Di segmen bus jarak pendek, LRNA juga dihadapkan oleh kebijakan work from home (WFH) dan work from anywhere (WFA) yang diterapkan oleh beberapa instansi pemerintah dan swasta di area Jakarta. Padahal, segmen ini menyasar penumpang yang biasa berkegiatan secara commuting, atau bekerja di Jakarta namun tinggal di luar Jakarta.
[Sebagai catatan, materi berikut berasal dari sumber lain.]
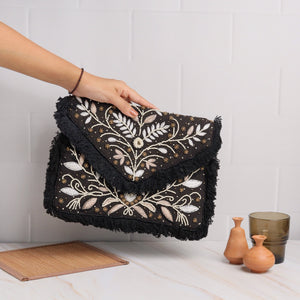 Black Haute Bag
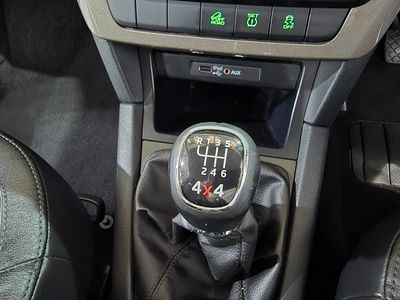 2015 Skoda Yeti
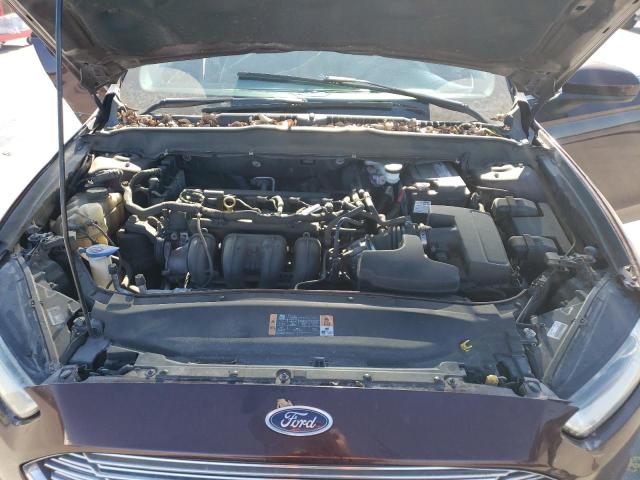 Photo 11 from auction – 2013 FORD FUSION S with VIN 3FA6P0G79DR323712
Baca Juga: Lebaran 2025, Banyak Kursi Kosong di Bus AKAP Akibat Daya Beli Turun
Sederet tantangan ini sudah dirasakan LRNA dalam beberapa tahun terakhir. Sejak 2024 lalu, LRNA sudah gencar melakukan efisiensi dengan memangkas beberapa rute bus AKAP yang dianggap tidak menguntungkan serta melakukan pengalihan rute (reroute) dengan mempertimbangkan faktor permintaan dari pelanggan dan persaingan pasar.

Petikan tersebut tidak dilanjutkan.